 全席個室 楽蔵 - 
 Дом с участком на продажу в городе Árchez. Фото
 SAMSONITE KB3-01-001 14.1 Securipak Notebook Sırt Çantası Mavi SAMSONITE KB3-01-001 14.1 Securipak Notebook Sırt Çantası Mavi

- _Problem description_
The whole listing above needs to be reproduced exactly.

- _Finished exercise_
 全席個室 楽蔵 - 
 Дом с участком на продажу в городе Árchez. Фото
 SAMSONITE KB3-01-001 14.1 Securipak Notebook Sırt Çantası Mavi SAMSONITE KB3-01-001 14.1 Securipak Notebook Sırt Çantası Mavi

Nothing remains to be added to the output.